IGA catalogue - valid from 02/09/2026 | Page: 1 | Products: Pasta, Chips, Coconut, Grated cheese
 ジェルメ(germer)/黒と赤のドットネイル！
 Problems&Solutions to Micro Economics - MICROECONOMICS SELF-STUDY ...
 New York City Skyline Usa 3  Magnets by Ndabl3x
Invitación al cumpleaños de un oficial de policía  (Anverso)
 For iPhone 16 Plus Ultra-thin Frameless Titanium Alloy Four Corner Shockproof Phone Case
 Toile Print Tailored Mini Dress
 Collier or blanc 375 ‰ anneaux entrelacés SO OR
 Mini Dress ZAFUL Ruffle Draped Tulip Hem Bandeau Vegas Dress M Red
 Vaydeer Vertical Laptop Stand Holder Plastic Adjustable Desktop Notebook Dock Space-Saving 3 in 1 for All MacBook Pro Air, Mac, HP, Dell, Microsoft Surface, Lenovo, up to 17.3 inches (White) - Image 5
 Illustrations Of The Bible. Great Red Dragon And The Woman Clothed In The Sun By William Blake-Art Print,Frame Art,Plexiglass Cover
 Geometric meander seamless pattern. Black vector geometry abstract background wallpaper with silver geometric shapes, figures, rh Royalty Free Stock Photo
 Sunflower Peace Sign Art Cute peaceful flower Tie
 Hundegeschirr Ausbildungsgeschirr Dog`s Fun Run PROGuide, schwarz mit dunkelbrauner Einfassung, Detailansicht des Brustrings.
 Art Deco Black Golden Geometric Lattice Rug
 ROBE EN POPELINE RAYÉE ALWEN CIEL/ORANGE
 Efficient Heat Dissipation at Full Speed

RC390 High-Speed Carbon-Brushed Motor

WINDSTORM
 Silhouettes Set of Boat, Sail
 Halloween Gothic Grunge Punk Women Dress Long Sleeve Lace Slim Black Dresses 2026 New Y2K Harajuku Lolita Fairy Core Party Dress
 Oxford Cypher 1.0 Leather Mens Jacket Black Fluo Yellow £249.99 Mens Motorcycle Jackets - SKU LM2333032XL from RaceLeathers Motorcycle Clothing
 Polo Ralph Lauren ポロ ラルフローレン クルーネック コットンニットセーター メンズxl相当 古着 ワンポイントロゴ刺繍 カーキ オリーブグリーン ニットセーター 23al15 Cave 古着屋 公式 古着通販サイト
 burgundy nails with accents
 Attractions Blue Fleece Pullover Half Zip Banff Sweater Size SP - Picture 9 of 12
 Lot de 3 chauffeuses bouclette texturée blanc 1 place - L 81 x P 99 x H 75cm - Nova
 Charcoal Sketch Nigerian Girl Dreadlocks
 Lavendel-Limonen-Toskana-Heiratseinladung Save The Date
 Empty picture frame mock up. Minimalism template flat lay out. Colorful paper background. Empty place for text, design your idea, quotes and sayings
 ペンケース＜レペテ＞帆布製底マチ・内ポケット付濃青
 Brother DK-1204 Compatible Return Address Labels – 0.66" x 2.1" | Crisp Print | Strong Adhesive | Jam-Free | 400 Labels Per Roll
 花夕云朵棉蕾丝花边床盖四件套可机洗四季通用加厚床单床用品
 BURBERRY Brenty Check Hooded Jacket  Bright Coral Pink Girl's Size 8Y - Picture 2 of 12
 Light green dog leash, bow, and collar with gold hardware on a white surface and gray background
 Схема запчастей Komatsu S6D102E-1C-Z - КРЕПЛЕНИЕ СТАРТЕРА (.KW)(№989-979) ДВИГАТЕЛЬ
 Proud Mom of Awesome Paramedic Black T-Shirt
----
• [Task goal]: Looking at the data above, return every line from the one with "Toile Print Tailored Mini Dress" down to the one with "Lavendel-Limonen-Toskana-Heiratseinladung Save The", exactly and inclusively.

• [Answer to the problem]:
 Toile Print Tailored Mini Dress
 Collier or blanc 375 ‰ anneaux entrelacés SO OR
 Mini Dress ZAFUL Ruffle Draped Tulip Hem Bandeau Vegas Dress M Red
 Vaydeer Vertical Laptop Stand Holder Plastic Adjustable Desktop Notebook Dock Space-Saving 3 in 1 for All MacBook Pro Air, Mac, HP, Dell, Microsoft Surface, Lenovo, up to 17.3 inches (White) - Image 5
 Illustrations Of The Bible. Great Red Dragon And The Woman Clothed In The Sun By William Blake-Art Print,Frame Art,Plexiglass Cover
 Geometric meander seamless pattern. Black vector geometry abstract background wallpaper with silver geometric shapes, figures, rh Royalty Free Stock Photo
 Sunflower Peace Sign Art Cute peaceful flower Tie
 Hundegeschirr Ausbildungsgeschirr Dog`s Fun Run PROGuide, schwarz mit dunkelbrauner Einfassung, Detailansicht des Brustrings.
 Art Deco Black Golden Geometric Lattice Rug
 ROBE EN POPELINE RAYÉE ALWEN CIEL/ORANGE
 Efficient Heat Dissipation at Full Speed

RC390 High-Speed Carbon-Brushed Motor

WINDSTORM
 Silhouettes Set of Boat, Sail
 Halloween Gothic Grunge Punk Women Dress Long Sleeve Lace Slim Black Dresses 2026 New Y2K Harajuku Lolita Fairy Core Party Dress
 Oxford Cypher 1.0 Leather Mens Jacket Black Fluo Yellow £249.99 Mens Motorcycle Jackets - SKU LM2333032XL from RaceLeathers Motorcycle Clothing
 Polo Ralph Lauren ポロ ラルフローレン クルーネック コットンニットセーター メンズxl相当 古着 ワンポイントロゴ刺繍 カーキ オリーブグリーン ニットセーター 23al15 Cave 古着屋 公式 古着通販サイト
 burgundy nails with accents
 Attractions Blue Fleece Pullover Half Zip Banff Sweater Size SP - Picture 9 of 12
 Lot de 3 chauffeuses bouclette texturée blanc 1 place - L 81 x P 99 x H 75cm - Nova
 Charcoal Sketch Nigerian Girl Dreadlocks
 Lavendel-Limonen-Toskana-Heiratseinladung Save The Date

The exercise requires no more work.